Автограф стихотворения В.А. Жуковского
Жуковский возвратился в Россию в начале 1822 года. Возможно, что виденная им культурная Европа и «свободная» Швейцария указали ему на неустройства родины и на ее страшную язву – крепостных рабов. Впрочем, при свойственной Жуковскому гуманности Европа, так сказать, только переполнила чашу, и мы видим, что поэт по возвращении отпускает на волю крепостных, купленных на его имя книгопродавцем Поповым, а также дает вольную и своему единственному «рабу» Максиму с детьми. Для оценки указанного поступка надо помнить, что он совершился в крепостническом обществе за 40 лет до освобождения крестьян.
«Очень рад, – пишет Жуковский А.П. Елагиной, благодаря ее за исполнение этого поручения, – что мои эсклавы [4]получили волю!» В pendant [5]к указанному он сообщает, что не мог освободить от цензуры перевод известных стихов Шиллера:
Человек свободным создан и свободен, —
Если б он родился и в цепях!
Жуковский по возвращении в Петербург поселился с семейством Воейкова, принужденного оставить Дерпт, на Невском проспекте против Аничкова дворца. Поэт очень обрадовался приезду своей племянницы, несчастливой в замужестве. Александра Андреевна напоминала ему милое прошлое, к которому тяготела память поэта. Жуковского часто посещали друзья; у него бывали литературные собрания, оживлявшиеся участием изящной и остроумной хозяйки дома – Воейковой. Здесь был обласкан слепой Козлов; вся тогдашняя крупная литература была своей в салоне Жуковского: Батюшков, Тургенев, Крылов, Блудов, Вяземский, Карамзин и многие другие являлись частыми гостями добрых хозяев. Особенно шумно, среди многочисленного общества отпраздновал Жуковский сорокалетнюю годовщину своего рождения.
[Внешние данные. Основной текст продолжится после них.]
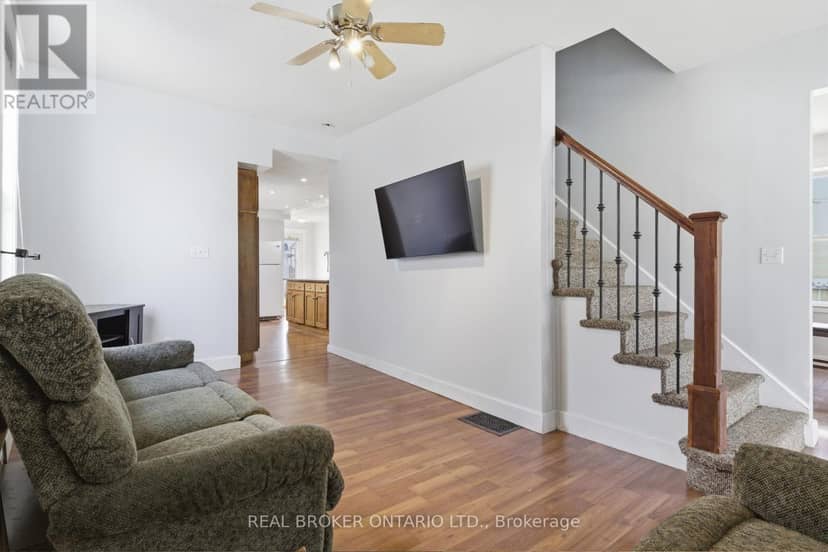 368 Wellington Avenue S — photo 5 of 39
В этом собрании Жуковский с добродушным юмором объявил, что теперь он вступил в чин «действительного холостяка».
В указанное время неожиданное событие потрясло душу поэта: почти вслед за его отъездом из Дерпта, куда провожал он Воейкову, 19 марта 1823 года умерла его первая любовь Марья Андреевна Мойер. Но та мистическая вера, которая жила с детства в душе поэта, явилась для него теперь подспорьем в перенесении этого горя. В письме к А.П. Елагиной от 28 марта 1823 года поэт, между прочим, говорит об умершей:
«Знаю, что она с нами и более наша, – наша спокойная, радостная, товарищ души, прекрасный, удаленный от всякого страдания… Не будем говорить: „Ее нет“. C’est blasphème!.. [6]Ее могила будет для нас местом молитвы… На этом месте одна только мысль о ее чистой, ангельской жизни, о том, что она была для нас живая, и о том, что она ныне для нас есть небесная…»
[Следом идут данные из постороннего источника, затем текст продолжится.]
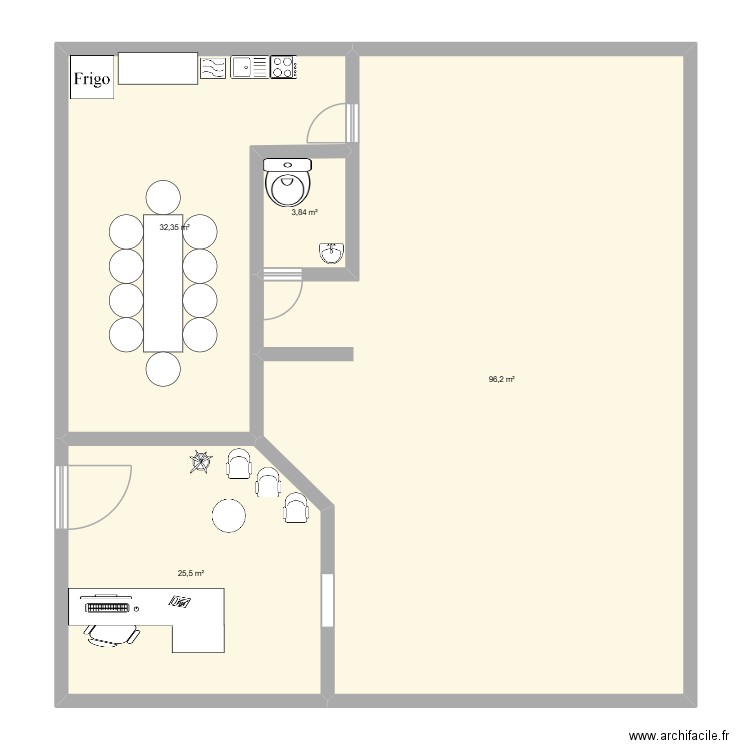 ART APPLIQUER. Plan de 4 pièces et 158 m2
Глубоко ошибается тот, кто сочтет это письмо лишь словами резонера, утешающего родственницу в ее потере. Наоборот, в нем он весь – чистый, милый Жуковский, с той верой, которая всегда сквозила в его поступках, в его переписке и поэзии. Эта вера в Промысл, в бессмертие, во что-то иногда неопределенное, но всегда светлое и святое очень характерна для поклонника идеалиста Шиллера и его истолкователя в русской литературе.
Маше Жуковский посвятил прекрасное стихотворение, приурочив его ко дню ее кончины:
Ты предо мною
Стояла тихо;
Твой взор унылый
Был полон чувств…
Он мне напомнил
О милом прошлом,
Он был последний
На здешнем свете!
Ты удалилась,
Как тихий ангел;
Твоя могила,
Как рай, спокойна…
Там все земныя
Воспоминанья,
Там все святыя
О небе мысли!
Звезды небес,
Тихая ночь!
Чем-то благоуханно кротким, эфирным и меланхолическим веет от этих строк, и эти стихи могут служить вообще характеристикой поэзии Жуковского в той ее части, которая обнимает собственно лирику.
Следующие пять-шесть лет были малопроизводительны для Жуковского в литературном отношении. Может быть, на это частью влияла и печаль по усопшей, но были и другие причины затишья творчества поэта: ему поручили обучать русскому языку невесту великого князя Михаила Павловича, Елену Павловну, а затем он должен был весь отдаться заботам по подготовке плана обучения будущего наследника престола, а также выработке подобного же плана и для великих княжон Марии Николаевны и Ольги Николаевны.
В. А. Жуковский. Гравюра XIX века
Воцарился Николай I, и Жуковский был назначен наставником к великому князю Александру Николаевичу. Конечно, к известному событию, ознаменовавшему собою начало этого царствования, Жуковский относился с нескрываемым ужасом.